Fortunately, insureds and their brokers can minimize the potential for
rescission by simply exercising greater care to ascertain the accuracy of underwriting
information, and by providing all material information to insurers. Also, rescission
decisions are made by insurers only if they are convinced that they have adequate
justification for them.
An insurer may rescind its policy in the event of material misrepresentation
or concealment of a fact by the insured. Misrepresentation is false statement
of a fact by the insured. Concealment is the neglect to reveal a fact that the
insured knows and ought to communicate to the insurer.
Misrepresentation or concealment is material if it affects the underwriting
decision of the insurer. For example, the premium would have been higher had
the insurer been aware of the true and complete facts.

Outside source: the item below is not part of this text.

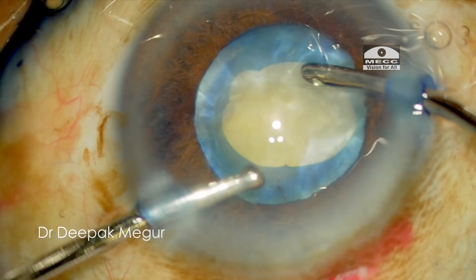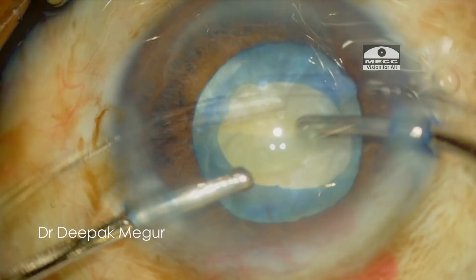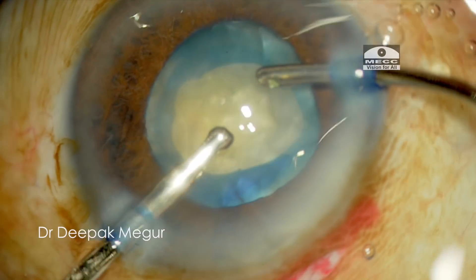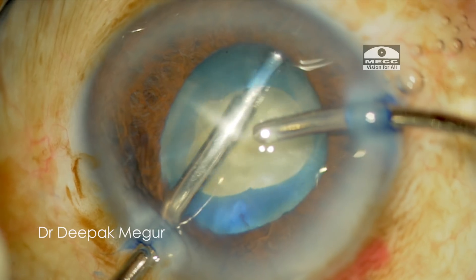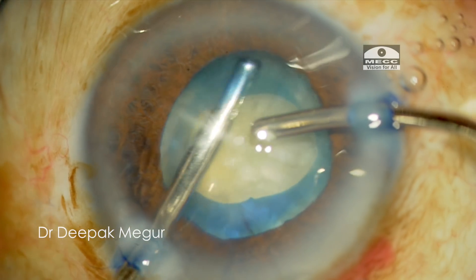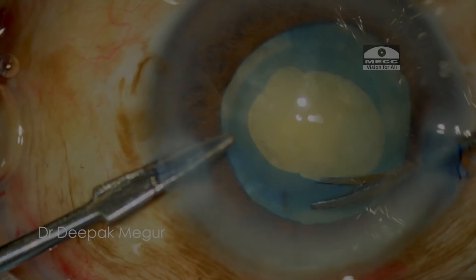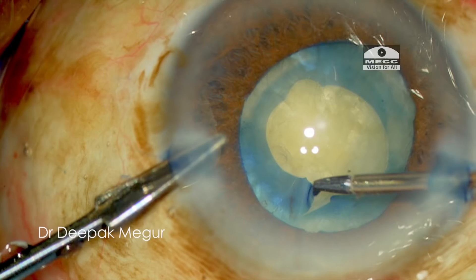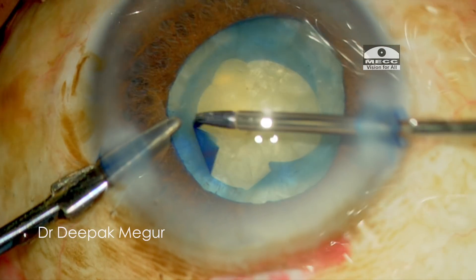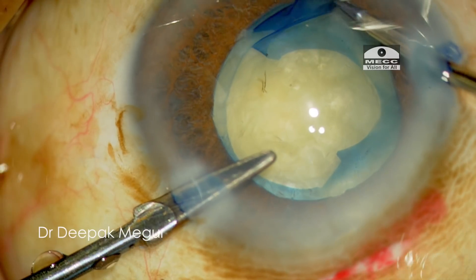Once the primary capsulorhexis is performed, it's time to decompress the capsule bag. In this case I'm using manual irrigation-aspiration to do the same. Once the intralenticular pressure is totally released, I'm performing a secondary large capsulorhexis. I use scissors to give a tangential cut to the rhexis margin and then enlarge it to the appropriate size using forceps.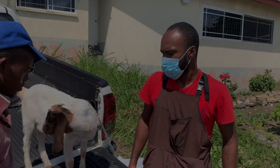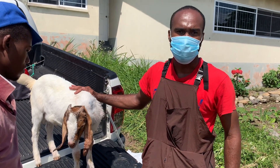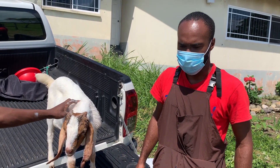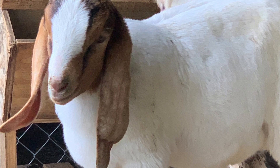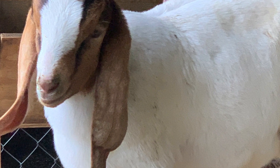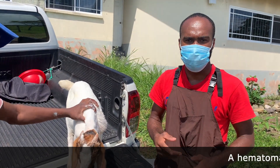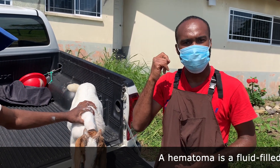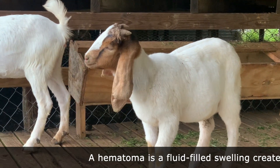So we just completed our aural hematoma repair. In scientific terminology, we pretty much tried to correct the accumulation of blood and fluid in the ear. An aural hematoma, in simple layman's explanation, involves the capillaries — the small blood vessels in the ears — rupturing.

Property-casualty policies typically include conditions pertaining to
the subject of rescission, such as:
- The policy is issued in reliance
upon the truth of representations made by the insured.
- The policy is void if the insured
intentionally conceals or misrepresents a material fact.
- The insured, by accepting the
policy, agrees that the statements in the policy declarations are accurate
and complete.
In most cases, rescission
is based on materially misrepresented facts in the policy application, or in
underwriting information provided by the insured or its broker. However, unless
there is a satisfactory answer to each of the following questions, the rescission
is not justifiable:
- Is the fact known only to the insured?
If the insurer possesses a fact that
differs from what the insured had provided, then it must attempt to reconcile
it before proceeding further with consideration of rescission.
The insurer
must have incontrovertible evidence to demonstrate that the fact obtained from
the insured is false.
Materiality is determined within
the context of probable and reasonable influence on the insurer by the false
fact. Consequently, if the insurer's underwriting decision is not affected,
then the falsity cannot be deemed material.
- Is it reasonable to rely on it?
The insurer cannot reasonably rely on a fact received from the insured alone if it is aware of a conflicting fact.
- Did the insurer rely on it?
There must be clear
evidence to demonstrate that the insurer did rely on materially false facts
when making its underwriting decision.
State insurance codes and legal precedents also have an impact on the
insurer's decision-making process concerning rescission.
For example, the California Insurance Code allows policy rescission even
in cases of unintentional misrepresentation or unintentional concealment, and
it provides that materiality is to be determined solely by the probable and
reasonable influence of the facts on the insurer.
Also, case law precedent prevents
insurers from relying solely on representations contained in the policy application
or underwriting information if an inspection of the insured's property is conducted.
A policy may be rescinded even after a loss that would otherwise be covered
by the policy. Since rescission could have severe negative financial impact
on the insured, the insurer must be certain that the reasons for rescission
are based on solid grounds and able to withstand potential legal challenge.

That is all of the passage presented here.